Der Mob, der sich im Berliner Osten zusammenbraut, besteht nicht allein aus organisierten Nazis. Genau darin liegt die Gefahr. Doch die Trennung zwischen „besorgten Anwohnern" und Rechtsextremisten, wie sie Innensenator Henkel vornimmt, ist absurd. Schließlich können Anwohner zugleich rechtsextrem oder rassistisch sein. Und Nazis sind auch Anwohner, irgendwo ganz bestimmt und nicht selten eben in Marzahn.

Ein Hauch von Rostock

Ein wenig erinnert die Stimmung in Ostberlin (und erst recht in Dresden) an Rostock '92. Dennoch wäre es falsch zu glauben, dass die Proteste gegen Flüchtlinge bloß eine Sache der ostdeutschen Unterschicht wäre. So gab es 2014 im reichen Bad Soden bei Frankfurt am Main Proteste gegen eine Containerunterkunft. Keine Nazis, sondern ganz gewöhnliche Anwohner, geleitet von ganz gewöhnlichem Ressentiment.

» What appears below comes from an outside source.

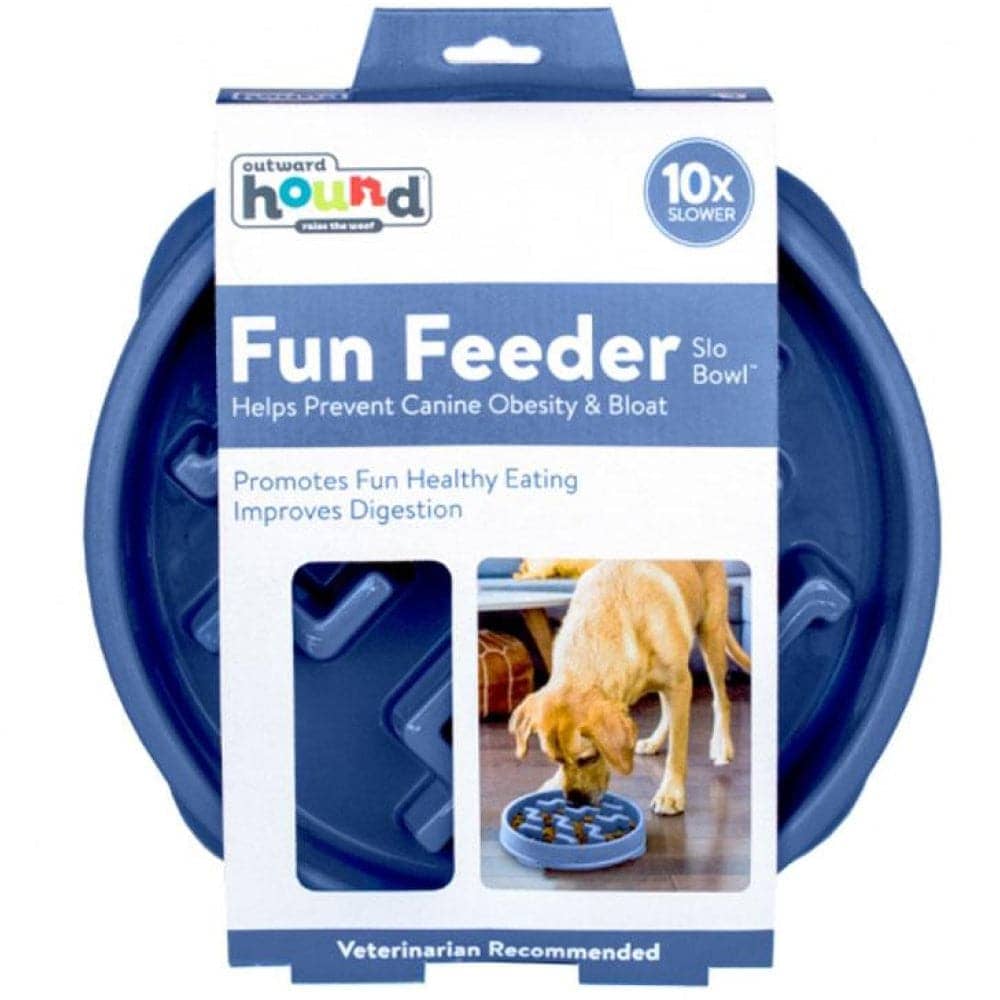 Outward Hound Fun/Slow Feeder for Dogs (Blue)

Andererseits ist im Osten ein Vierteljahrhundert nach dem Mauerfall die Scheu, gemeinsame Sache mit Neonazis zu machen, geringer als im Westen. Dazu müssen die Neonazis nur auf allzu offensichtliche Symbolik verzichten - worauf die Organisatoren großen Wert legen. Und sie müssen versuchen, sich nicht nach Nazis anzuhören. Sondern nach Anwohnern in Sorge um die Kinder.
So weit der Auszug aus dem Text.